All the Childhood Cancer Data in the GDC (So Far)

, by Peggy I. Wang, Ph.D. and Pamela C. Birriel, Ph.D.

New data is available at the Genomic Data Commons.

New data is available at the Genomic Data Commons (GDC).

NCI’s Genomic Data Commons (GDC) recently released over 55 TB of newly harmonized childhood cancer data. By coincidence, this came during Childhood Cancer Awareness month, a time when we remind others and ourselves of the children and their families affected by these rare and devastating diseases.

The bulk of the childhood cancer data in the GDC comes from NCI’s Therapeutically Applicable Research to Generate Effective Treatments (TARGET) initiative. Since 2007, TARGET has been collecting and curating molecular, genomic, and clinical data from children and young adults, and importantly, working to make the data available to researchers. Another NCI initiative characterizing childhood cancers is the Cancer Genome Characterization Initiative’s Burkitt Lymphoma Genome Sequencing Project.

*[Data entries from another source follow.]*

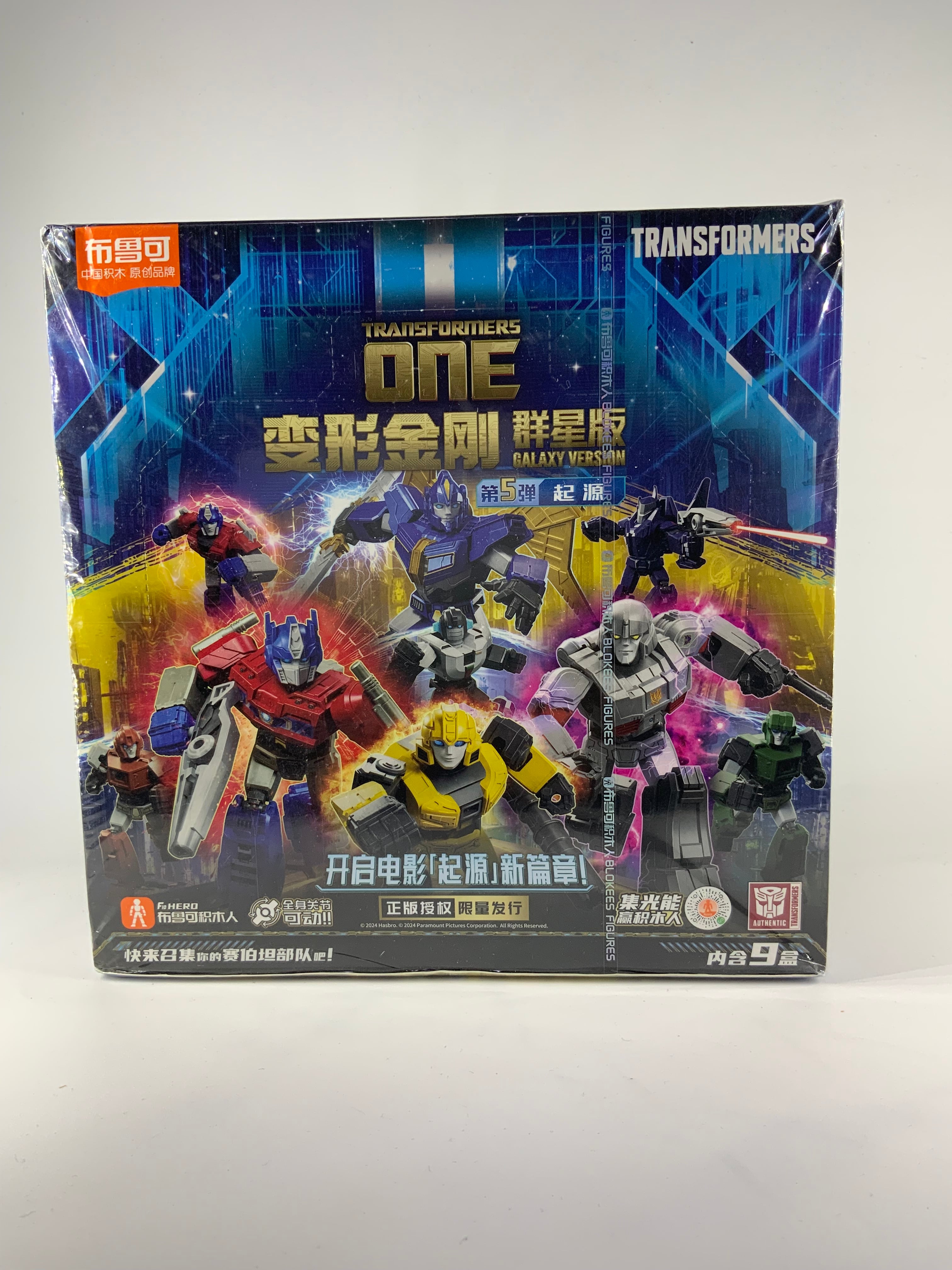 Blokees トランスフォーマーONE ギャラクシーバージョン 9個入りBOX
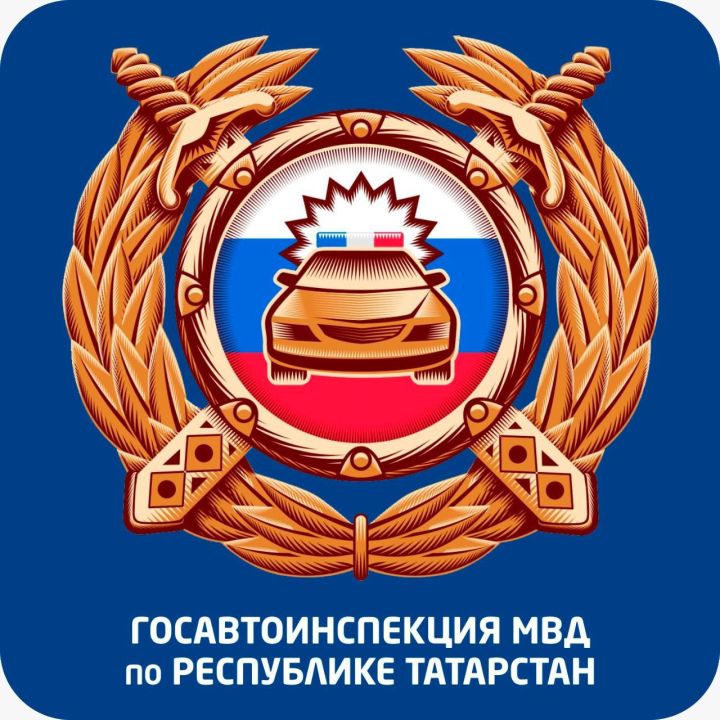 Как будут работать регистрационно-экзаменационные подразделения в новогодние праздники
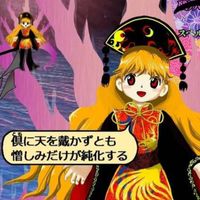⛩️東方好きの雑談部屋⛩️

The table below summarizes the 5,062 cases of TARGET data available so far in the GDC. With last month’s data release, the amount grew by nearly 43%, including an expansion of Acute Lymphoblastic Leukemia cases and new cases of Acute Leukemias of Ambiguous Lineage. New somatic variant calls using the algorithm Pindel were released for many existing cases.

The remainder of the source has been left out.